__GIVEN INFORMATION__.
^^^^^^^^^^^^^^^^
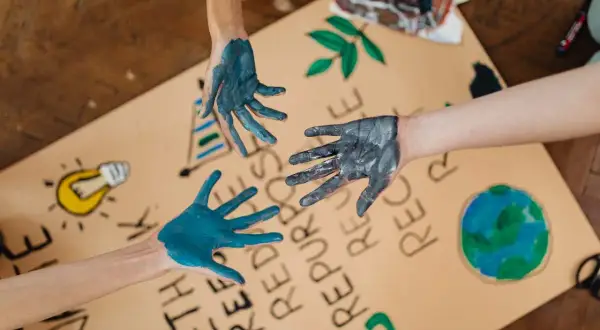 Manos pintadas de azul y gris sobre un cartel con dibujos de la Tierra, una bombilla y el símbolo de reciclaje. Un llamado a la acción para salvar el planeta.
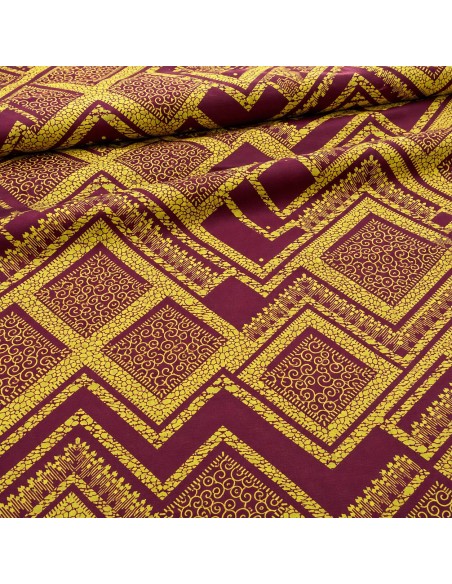 Tissu wax bordeaux et jaune doré à motifs graphiques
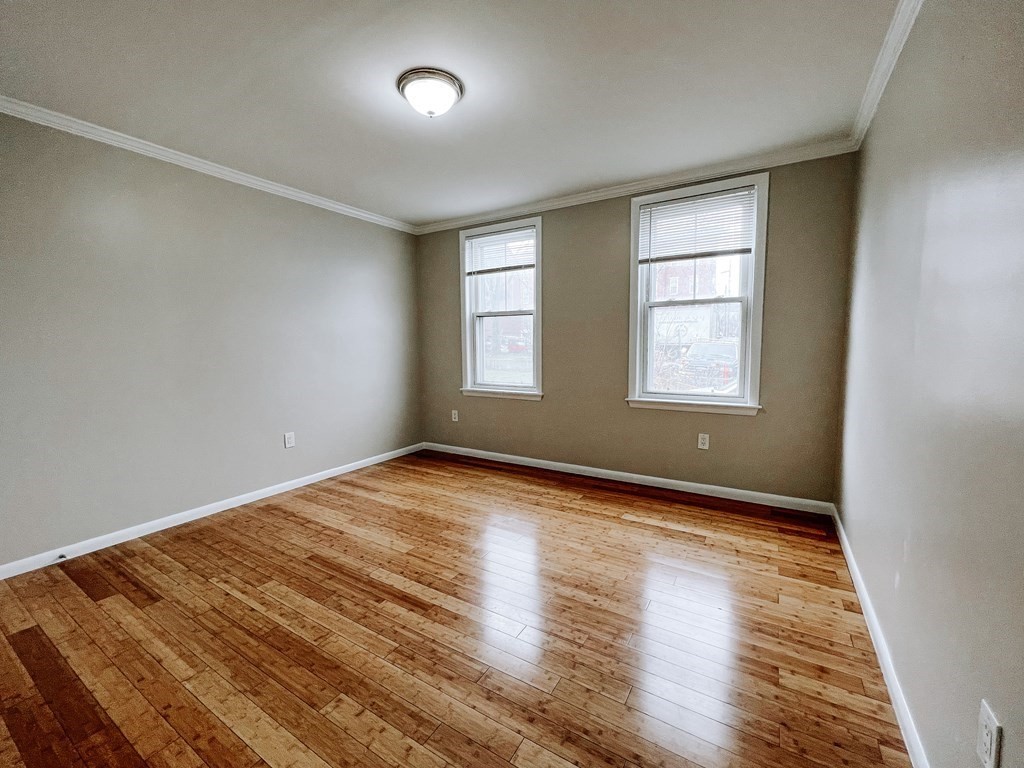 Empty bedroom with polished hardwood floors and two windows with blinds.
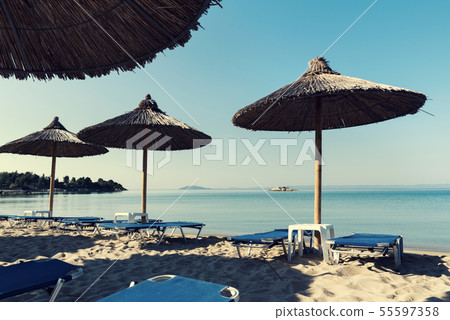 Rock in the sea close to beautiful beach  55597358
^^^^^^^^^^^^^^^^
Return every line above verbatim, pictures excluded.

 Manos pintadas de azul y gris sobre un cartel con dibujos de la Tierra, una bombilla y el símbolo de reciclaje. Un llamado a la acción para salvar el planeta.
 Tissu wax bordeaux et jaune doré à motifs graphiques
 Empty bedroom with polished hardwood floors and two windows with blinds.
 Rock in the sea close to beautiful beach  55597358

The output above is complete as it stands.